Tuesday, September 6, 2016
Bandsaw in Progress
I've been slowly working on building a wooden bandsaw for the last eight months. It's based on the plans by Matthias Wandel. Instead of building it to save the cost of a commercially available bandsaw, we are building it to have a really nice and powerful machine.
Here were the rough douglas fir pieces for the frame:
Matthias said his frame was under 30 lbs. Apparently the douglas fir is denser than the spruce he used since ours was definitely not under 30 lbs. Closer to 50 lbs. This is not a portable machine; I think it will end up at around double the weight of his, and definitely heavier than our cast iron one.
Above, I was turning the wheels. I ground two beater chisels with an ~80 degree included angle and turned it fairly slowly, but I probably had to sharpen them 30 times to finish the wheels. I also used an angle grinder with a flap disc on the (fast) spinning wheels to adjust the crown.

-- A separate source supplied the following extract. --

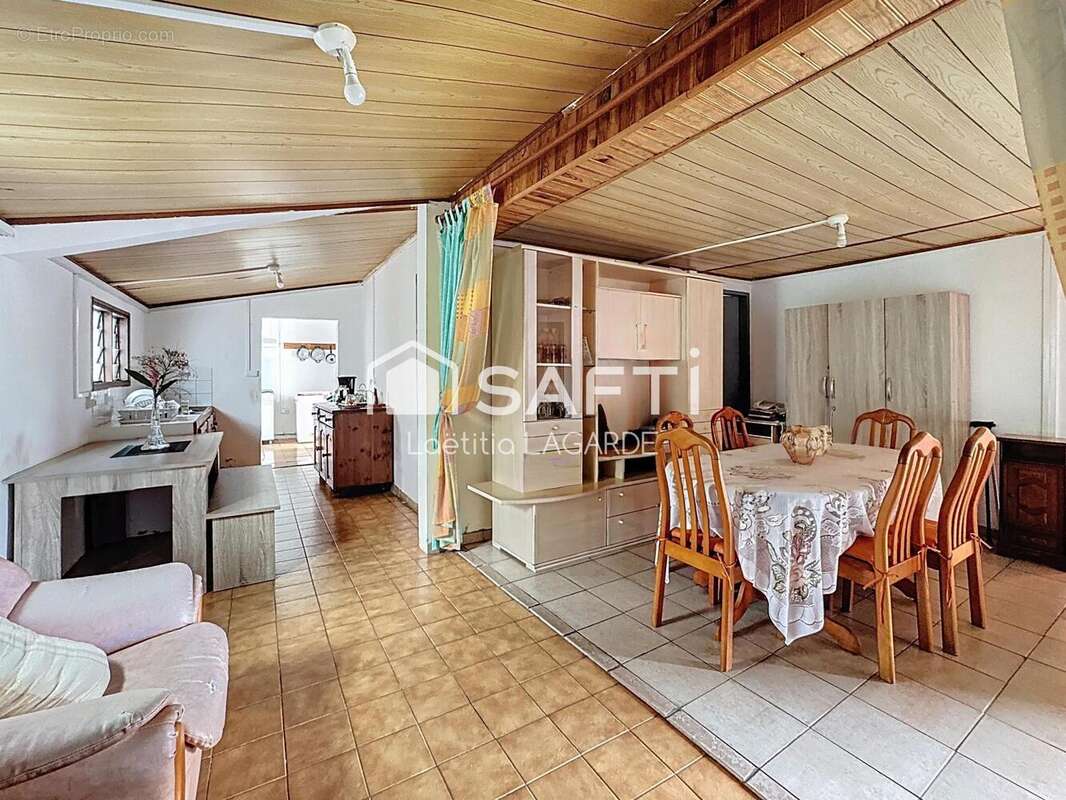Photo 2 - Maison à SAINT-PIERRE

The setup was nicer in ways than my 'real' wood lathe, powered by that shiny new three-phase baldor. Complete with remote switch visible on the right. I thought a 2hp 3~ motor with VFD would be better than a single phase one. In any case it's an upgrade from the open frame 115v 3/4hp motor on our existing bandsaw.
Above is the caliper I made to measure the wheels as I turned them.
Below is where I'm at currently. I've still got to mount the motor, mount the table, and build the blade guides before the saw is usable. The blade guides are lignum vitae for side-to-side movement and a ball bearing for the rear.
You can make out a metal taper pin on the left side of the photo below. This is how I aligned the bearing blocks before and after glue-up. The bearing blocks were turned concentric on the lathe, but that didn't make them more attractive. I was pretty liberal with the glue.
Maybe skill, probably luck: after I mounted the wheels the shaft mounts needed almost no adjustment. A single .006" aluminum shim made the wheels as planar as I can measure. Spinning the wheels forwards or backwards, the blade does not visibly deviate. The tensioner slides very smoothly with no play--wood is pretty forgiving here though. I'll wax it before taking it out on the waves.
Here's the tensioning handle turned of cherry. I'll turn a prettier crank arm someday, but this works for now. I used a 1/2" T-bolt instead of a 3/8" carriage bolt for good luck, and a bronze bushing for the nut to turn on.
The motor will be mounted to a sliding piece, which will tension the belt with a wooden wedge.
I'll try to post more photos when it's up and running, and then again when it's "finished".